By Elissa Favero
By morning, feathers had settled lightly in the corners of the bathroom. They swept up into the air, though, as I moved past. Down, up and down. One brushed the nape of my neck as I stepped from the shower, and clamped there to damp skin. A torn comforter; a small domestic catastrophe. And now a dryer door that won’t close and an interior light that stays on as if to signal unceasing emergency.
The day before, we wiped and swept, erasing the bright arcs that showed our usual paths around the bed and set of drawers. Our semi-regular routine makes dust-palace back into upstairs bedroom. But this time, I brushed cinders, too, from stacks of books beneath the open windows. Charred forests had lifted hundreds of miles to scent the air with burning and color it a hazy yellow. At dinner, we sat down to a table laid with ash.

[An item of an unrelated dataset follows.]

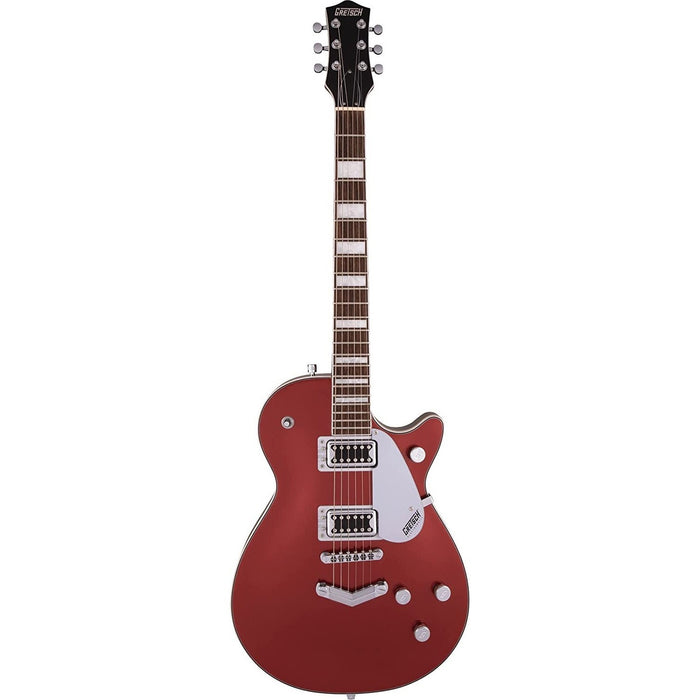 Gretsch G5220 Electromatic Jet BT Single-Cut Solid Body 6-String Electric Guitar with V-Stoptail, 12-Inch Laurel Fingerboard, and Set-Neck (Right-Handed, Firestick Red)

And before that, weeks past, we waded into a brackish bay named Discovery, eager and unsteady on the loose rocks. We had waited for deep darkness, a moonless night. What we found as we splashed was the sky: a sea of stars in the shape of plankton startling into brilliance at every kick and pull of our bodies. We called out to each other, absurd with wonder.
Bioluminescence and ruinous fires and everyday dust and the maddening feathers of birds let loose: the world holds it all.